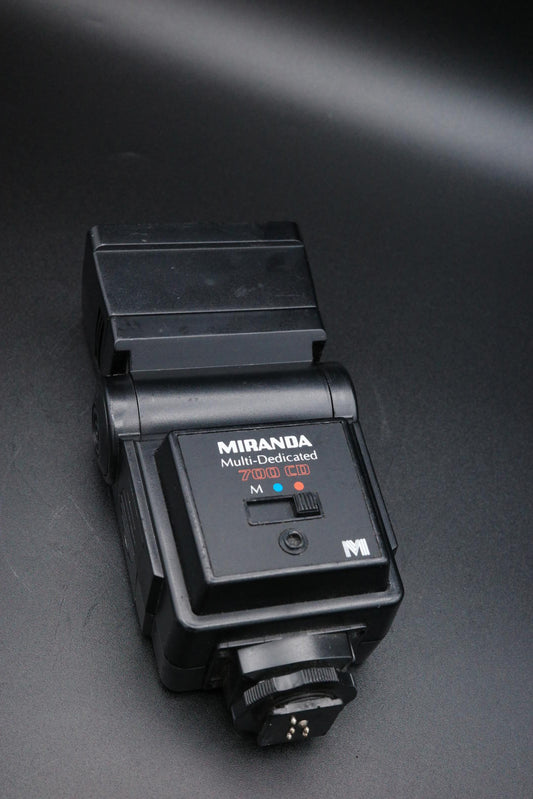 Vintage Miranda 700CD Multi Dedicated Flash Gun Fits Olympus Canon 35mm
________________________________________
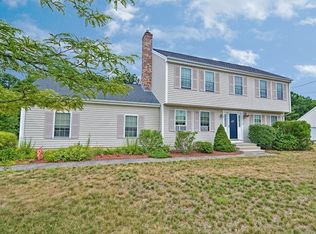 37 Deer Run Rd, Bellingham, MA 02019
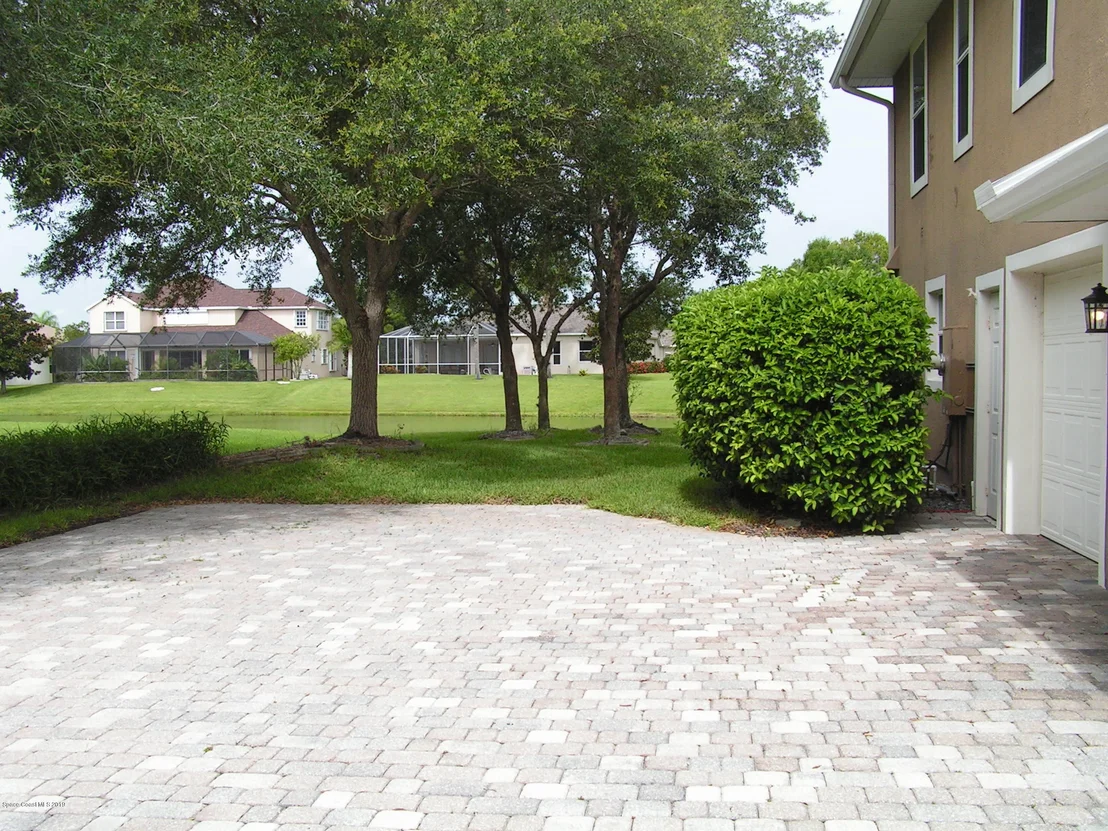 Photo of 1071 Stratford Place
________________________________________
__Prompt__:
Print, word for word, the lines above that run from the line containing "37 Deer Run Rd, Bellingham, MA 02019" to the line containing "Photo of 1071 Stratford Place", both included. Keep the pictures out.

__Answer to this task__:
 37 Deer Run Rd, Bellingham, MA 02019
 Photo of 1071 Stratford Place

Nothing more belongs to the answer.